32 En ce qui concerne l'argumentation de la Commission selon laquelle l'affectation de la requérante à une organisation internationale en Italie n'aurait pas entraîné son intégration dans ce pays, il suffit de rappeler que le Tribunal a déjà eu l'occasion de préciser à cet égard que «l'analyse, d'une part, du libellé de l'article 4, paragraphe 1, sous a), de l'annexe VII et, d'autre part, de la jurisprudence de la Cour permet de conclure que ladite disposition doit être interprétée en ce sens
qu'elle ouvre droit à l'allocation de dépaysement au fonctionnaire qui a habité en permanence à l'extérieur de l'État sur le territoire duquel est situé son lieu d'affectation, pendant la période de référence, même si ce fonctionnaire a habité dans cet État antérieurement à cette période et sans qu'il y ait lieu de rechercher, dans des cas clairs et nets, si l'intéressé, en se réintégrant dans le milieu de son lieu d'affectation, est soumis exactement aux mêmes charges et désavantages qu'un
fonctionnaire n'ayant jamais habité sur le territoire dudit État» (arrêt Costacurta Gelabert/Commission, précité, point 44).
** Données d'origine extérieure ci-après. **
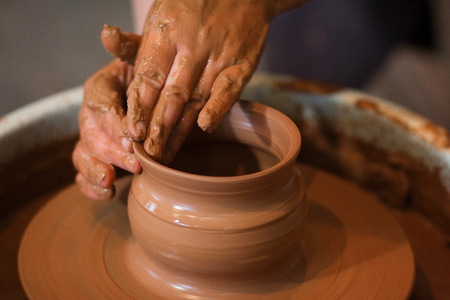 Rotating potter's wheel and clay ware on it taken from above. A sculpts his hands with a clay cup on...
33 Indépendamment de la réponse à la question de savoir si les périodes neutralisées par la Commission doivent être considérées comme couvrant des services effectués pour une organisation internationale, il y a lieu de conclure, à la lumière de ce qui précède, que la décision de la Commission du 7 juillet 1998 refusant d'octroyer à la requérante une indemnité de dépaysement en raison de services effectués pour une organisation internationale établie sur le territoire européen d'un État membre autre
que celui du lieu de son affectation viole la disposition litigieuse.
34 Dans ces circonstances, le premier moyen devant être accueilli, il n'y a plus lieu de statuer sur le deuxième et le troisième moyen, soulevés par la partie requérante.
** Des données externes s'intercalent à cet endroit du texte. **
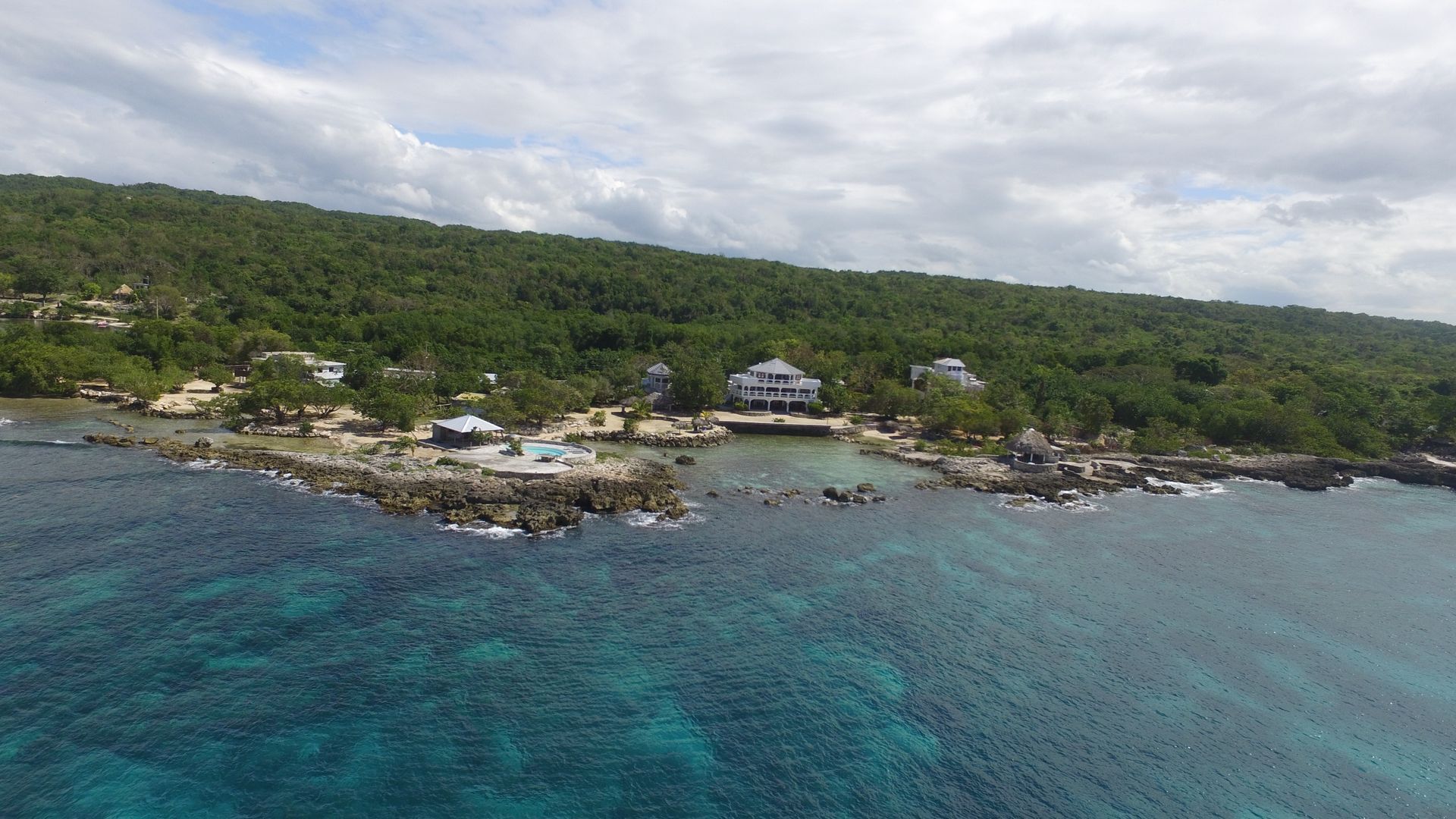 An aerial view of a small island in the middle of the ocean.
35 En ce qui concerne la demande de la requérante visant à la condamnation de la Commission au paiement de l'indemnité de dépaysement, augmenté des intérêts moratoires, le Tribunal estime qu'il y a lieu, en l'espèce, pour la Commission de faire application de l'article 176 du traité CE (devenu article 233 CE), et de prendre, en conséquence, les mesures que comporte l'exécution de l'arrêt.
36 Dans ces conditions, il n'y a pas lieu de statuer cette demande.
Décisions sur les dépenses
Sur les dépens
37 Aux termes de l'article 87, paragraphe 2, du règlement de procédure, toute partie qui succombe est condamnée aux dépens, s'il est conclu en ce sens. La Commission ayant succombé sur l'essentiel, il y a lieu de la condamner aux dépens exposés par la requérante, conformément aux conclusions de cette dernière.
Dispositif
Par ces motifs,
LE TRIBUNAL
(deuxième chambre)
déclare et arrête:
1) La décision de la Commission du 7 juillet 1998 est annulée.
2) Il n'y a pas lieu de statuer sur la demande de paiement de l'indemnité de dépaysement.
3) La Commission supportera ses propres dépens ainsi que ceux de la requérante.